An annual Founder's Day service is held in the chapel on the fourth Saturday in June, at which a 'special' preacher is invited. Following the service a tea is provided, and is served to the residents by the Trustees.
Joseph Crossley was the son of John & Martha Crossley, who founded the Crossley Carpets empire at Dean Clough. Joseph's brother Francis (later to become Sir Francis Crossley, and eventually Baron Somerleyton) also built almshouses in Margaret Street, only a short distance from Arden Road. These almshouses also continue in existence.

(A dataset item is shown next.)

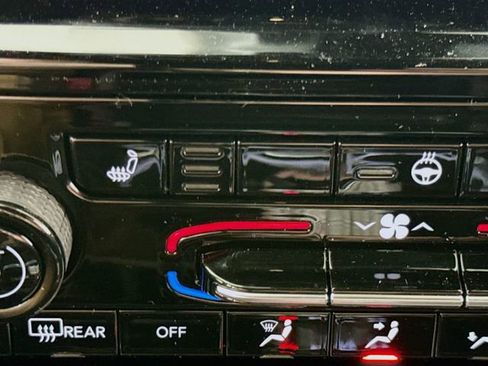 New 2025 Jeep Grand Cherokee L Altitude image 19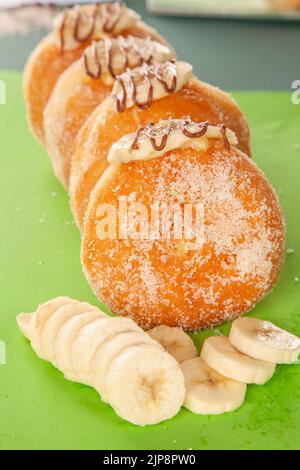 Banoffee Pie Bombolon ein italienischer gefüllter Donut in vier verschiedenen Geschmacksrichtungen Stockfoto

The dwellings at Arden Road were originally designed for retired Crossley employees, and, on appointment, residents were given a table, a chair, a bed, a Bible, and a small pension from Crossley funds. As time has gone on, the conditions have changed. In the early 1980s the dwellings were upgraded from the original standard, and were also enlarged, by making two new flats out of three original dwellings. A pension is no longer paid, but the Trustees maintain a small fund which has helped to pay for an annual summer coach trip for the residents.
The Almshouses is a registered charity. Management is by a volunteer board of Trustees, who have the services of a part time paid warden who resides on the site. There is also a Clerk, a Treasurer, an Architect, a Chaplain, and a Solicitor.
To qualify for residence, applicants have to be of limited financial means, be retired from all employment, be in good health at the time of application, and be members of or adherents to a recognised protestant church which subscribes to the doctrine of the Holy Trinity. Residents occupy the dwellings as licensees of the Trustees, and pay a weekly maintenance contribution towards upkeep/improvements. Residents are permitted to make their own improvements to the flats, with the consent of the Trustees' Architect, on the understanding that such improvements become the property of the Trustees.
Although times have changed since Joseph Crossley built the Almshouses, the work goes on and the flats provide safe, convenient, and congenial accommodation.
For further information on the Crossley family, Halifax Antiquarian Society has a series of articles in its journal, from the 1960s, in which the family's legacy to Halifax is told.